Robert Sanders, Media relations|June 24, 2019
You might expect that plants hoping to thrive in California’s boom-or-bust rain cycle would choose to set down roots in a place that can store lots of water underground to last through drought years.
But some of the most successful plant communities in the state — and probably in Mediterranean climates worldwide — that are characterized by wet winters and dry summers have taken a different approach. They’ve learned to thrive in areas with a below-ground water storage capacity barely large enough to hold the water that falls even in lean years.
Surprisingly, these plants do well in both low-water and rainy years precisely because the soil and weathered rock below ground store so little water relative to the rain delivered.
“The key point from our study is that, in many sites on the North Coast, the storage capacity is small relative to how much it rains,” said Jesse Hahm, a graduate student at the University of California, Berkeley, and one of two first authors of the study. “Because the capacity for the subsurface to store water over the wet season is small, it still rains enough, even in the dry years, to replenish the water supply. The limited below-ground storage capacity is the key mechanism that decouples the plants and how much water availability they have in the summer from big swings in winter rainfall.”
As a result, these plants are much more resilient in drought years, as evidenced by California’s relatively unscathed North Coast during recent droughts that killed hundreds of millions of trees in the Sierra Nevada.

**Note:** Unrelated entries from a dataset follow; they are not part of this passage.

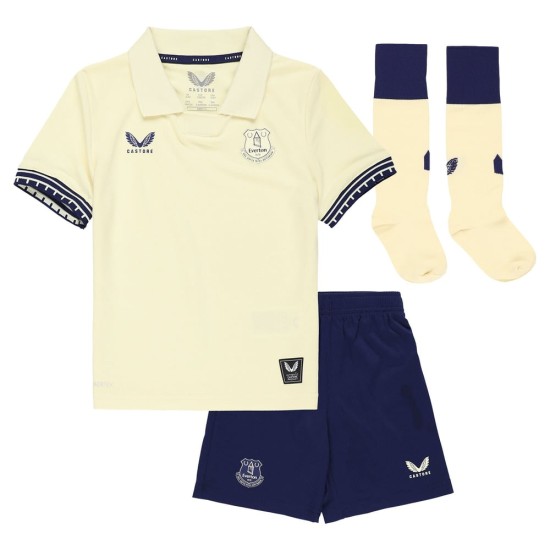 Conjunto visitante niño Everton 2025/26 Conjunto visitante niño Everton 2025/26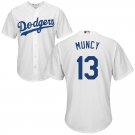 Men/Youth's Dodgers 13 Max Muncy White Cool Base Jersey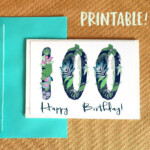 Printable 100th Birthday Card Available On Etsy etsy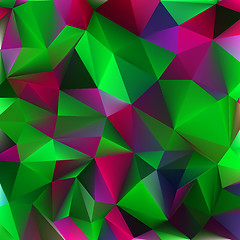 Image showing Abstract green and pink. EPS 8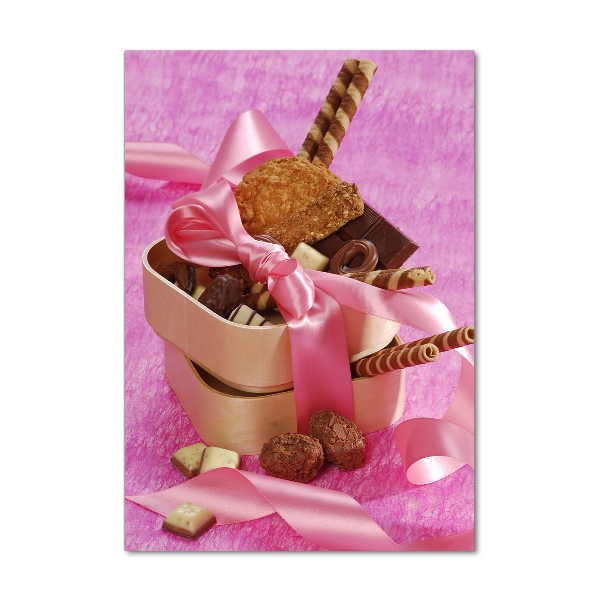 Quadro di vetro verticale Dolci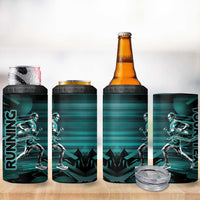 Personalized Running 4 in 1 Can Cooler Tumbler Infinite Sprint Energy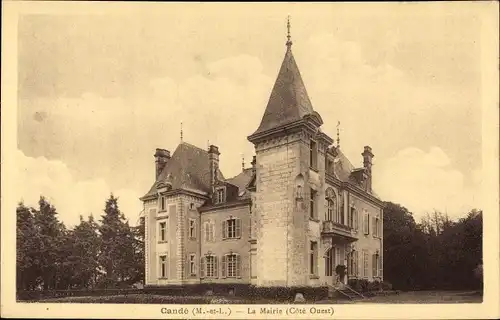 Ak Anjou Maine et Loire, La Mairie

“Because the subsurface water gets replenished even in drought years, in the summer these plants feel the same amount of water supply below ground, no matter how much rain fell during the winter,” Hahm said. “They don’t really know if it rained a lot or a little, because they have the same amount of water stored below ground each summer.”
On the flip side, plants growing today on ground that can soak up as much water as the winter rains can provide are hosting plants that will have to deal with the state’s increasingly drier climate, putting them at risk as the climate changes. This may be a problem for Sierra Nevada plant communities that are relying less on a persistent snowpack and increasingly on stored subsurface water to last through the dry summer.

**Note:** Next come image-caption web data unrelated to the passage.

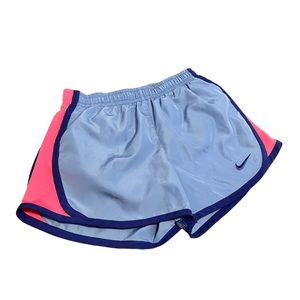 Girl’s Dri-Fit Nike Shorts Hot Pink & Blue Size 6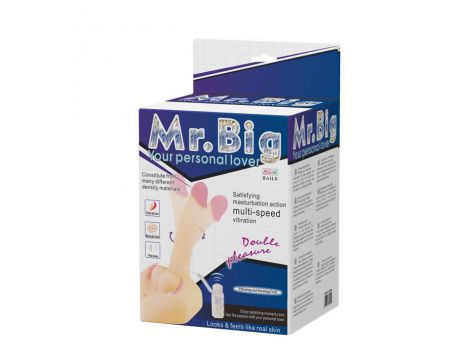 Wibrator realistyczny obracający się Baile Mr. BIG 21 cm - 2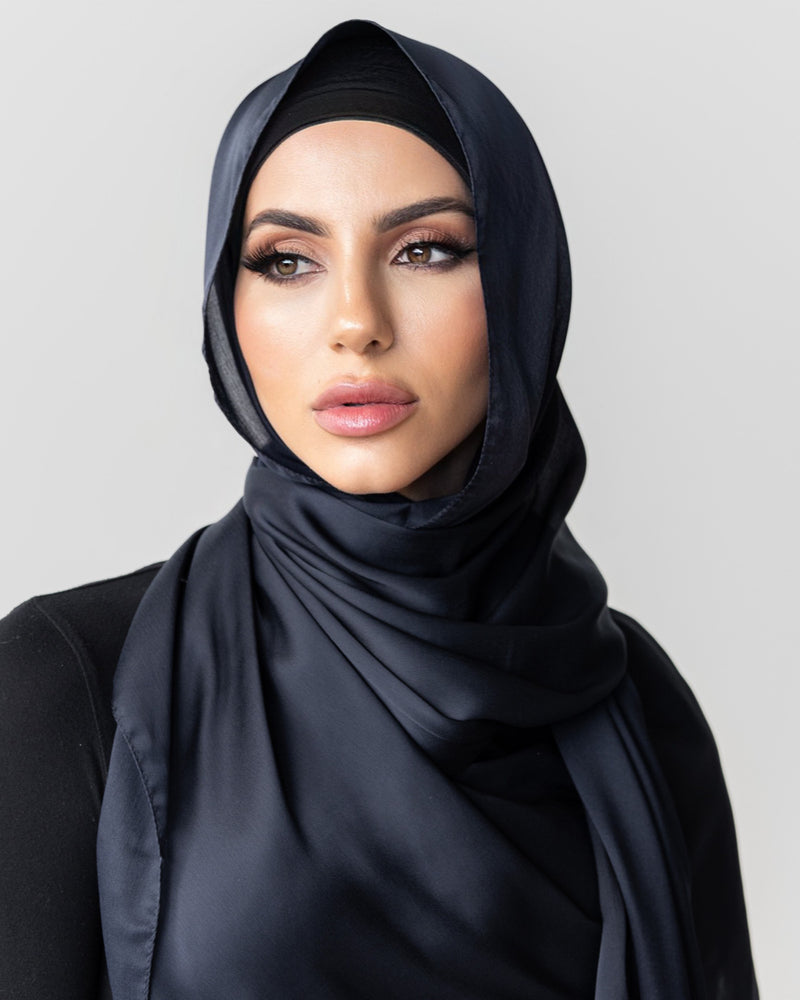 SILK LOOK SMOKE SCARF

Hahm and David Dralle, the other first author and a former Berkeley graduate student who is an assistant professor at Sacramento State University, describe their findings, along with their colleagues, in a paper recently accepted by the journal Geophysical Research Letters and now posted online.
While most people think plants rely only on water stored in the topsoil, Berkeley’s William Dietrich, professor of earth and planetary science, and recent graduate Daniella Rempe, an assistant professor at the University of Texas, Austin, recently discovered that water stored in fractured and weathered rock underneath the soil plays an equal or greater role. What Dietrich and Rempe call “rock moisture” can amount to a significant proportion of what plants rely on annually.
A major implication of the new study, Dietrich says, is that global climate models need to incorporate rock moisture into their calculations to accurately represent and predict the impacts of drought or heavy rainfall. In recent years, drought- or heat-killed trees have fueled catastrophic wildfires in California, Spain, Greece, Australia and many regions with a dry, Mediterranean climate.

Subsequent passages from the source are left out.